Admittedly there was some frustration, feeling like the wistful wallflower at the Premiership party, whilst watching every other manager get their wedge out, in their efforts to strengthen their squad. But then perhaps it was the novelty of this new found spending power, which acted as an intoxicant to encourage the likes of Martin Jol to embarrass himself, by spunking up over £16 million on Darren Bent, a striker with only one 20 goal haul (in the Championship!) from his six seasons.

Doubtless the extravagance of Spurs own Tony Soprano was based on his belief that Bent might prove the ideal foil for his main man, Berbatov. But how do you rationalise a footballing world that values a big, bourgeois no. 9, above an elegant artist like Titi? This hugely inflated transaction only served to highlight the fact that Arsène would’ve been on a hiding to nothing, in any attempt to spend his way out of a post-Henry depression. No one player was ever going to fill Thierry’s transcendent boots.

Six million used to be an astronomic sum of money, but it’s positively peanuts relative to the obscene amounts being paid for above average strikers nowadays. Thus with 34 goals under his belt in Croatia last season, Eduardo could well prove to be a bargain, if he ends up plugging the crucial goal-scoring gap that’s been left in Henry’s wake. The addition of the Brazilian born youngster will be viewed as yet another masterstroke, in keeping with Arsène’s other, equally astute acquisitions (and obviously the odd mega-bucks boo-boo with such misfits as Jeffers and Reyes). Whereas compared with some of the more obvious, overpriced alternatives, if this Croatian feller fails to adapt to our frenetic brand of football, it will be no big deal.

On first impressions Eduardo certainly appears up for it. As does Traoré, Eboué, Denilson and the other young bloods, who’ve enjoyed spirited pre-season appearances. Perhaps we’ve begun to witness the galvanising effect of our former Galactico’s egress, as the Gunners set out to prove that there is life in North London, after Henry.

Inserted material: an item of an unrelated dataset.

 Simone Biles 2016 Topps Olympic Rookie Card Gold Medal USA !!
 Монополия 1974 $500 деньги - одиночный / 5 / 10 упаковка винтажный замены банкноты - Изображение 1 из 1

In truth the evidence suggests that we remain a player or two away from mounting a consistent challenge in the Premiership marathon. Nevertheless, notwithstanding the many naysayer pundits, there’s no mistaking a recent groundswell of optimism amongst the Gooner massive. We remain confident that at our best, this Arsenal side is capable of running rings around any side on the planet and no matter how the card’s are dealt, so long as we finish above Spurs and closer to the eventual winners than the also-rans, we’re happy to be embarking on what’s likely to prove one helluva ride!